Im 3D-Druck gehören das Selektive Laser Sintern (SLS) und Multi Jet Fusion (MJF) zu den wohl am weitesten verbreiteten additiven Fertigungsverfahren für Polymere und Elastomere. Mit gängigen Materialien, beispielsweise PA12, lassen sich 3D-gedruckte Bauteile sowohl im SLS als auch MJF herstellen.
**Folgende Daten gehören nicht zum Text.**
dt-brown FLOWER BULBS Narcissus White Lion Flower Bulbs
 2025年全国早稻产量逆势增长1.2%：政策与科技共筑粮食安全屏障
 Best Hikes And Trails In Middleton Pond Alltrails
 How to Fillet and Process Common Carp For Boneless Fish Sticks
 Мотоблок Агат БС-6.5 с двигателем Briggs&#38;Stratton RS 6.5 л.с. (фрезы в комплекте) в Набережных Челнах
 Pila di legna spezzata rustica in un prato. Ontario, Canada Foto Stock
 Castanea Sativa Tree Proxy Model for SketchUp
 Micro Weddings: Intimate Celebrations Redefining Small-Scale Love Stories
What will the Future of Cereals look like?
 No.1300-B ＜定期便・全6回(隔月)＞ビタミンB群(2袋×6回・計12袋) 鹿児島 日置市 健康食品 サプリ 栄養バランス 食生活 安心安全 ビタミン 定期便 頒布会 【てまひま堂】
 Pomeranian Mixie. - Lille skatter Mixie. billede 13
Die Unterschiede und spezifischen Vor- beziehungsweise Nachteile der Verfahren lassen sich nicht auf den ersten Blick erkennen.
Kurze Übersicht
Der MJF-3D-Druck überzeugt, wenn:
| Bauteile mit einer höheren Oberflächengüte gewünscht sind
| Durchgefärbte Bauteile für Marketinganwendungen oder den Modellbau benötigt werden
| Kostengünstiger produziert werden soll
| Isotrope Festigkeit technischer Bauteile erforderlich ist
SLS-3D-Druck ist zu bevorzugen, wenn:
| Präzision der Bauteile im Fokus steht
| Durch eine breite Materialauswahl technische Eigenschaften gesichert werden sollen
| Größere Bauteile gedruckt werden sollen
Die Gemeinsamkeiten der additiven Fertigung mit SLS und MJF
Sowohl das Selektive Laser Sintern als auch Multi Jet Fusion verwenden thermoplastische Materialien, meistens Nylon, das in pulverförmiger Form schichtweise verschmolzen beziehungsweise gesintert wird. Aus dem pulverförmigen Ausgangsmaterial entsteht so ein festes Bauteil im Pulverbett. Ebenfalls benötigen beide Verfahren eine Wärmequelle. Beim SLS-Druck wird hierfür ein Laser eingesetzt, der Schicht für Schicht scannt und sintert, während bei einem MJF-Druck der Fusing Agent, eine wärmeleitende Flüssigkeit, auf die Pulverschicht aufgetragen und anschließend mittels Infrarotlicht mit der darunterliegenden Schicht verschmolzen wird. Der schichtweise Aufbau des 3D-gedruckten Bauteils ist eine weitere Gemeinsamkeit der beiden additiven Fertigungsverfahren. Und auch einen großen Vorteil teilen sich SLS und MJF-Druck: es sind keine Stützstrukturen beim 3D-Druck notwendig. So lassen sich auch komplexe Designs mit anspruchsvollsten Geometrien mühelos fertigen. Und das auch bei beweglichen, ineinander verzahnten Bauteilen, die sich mit beiden Technologien in einem Durchgang drucken lassen.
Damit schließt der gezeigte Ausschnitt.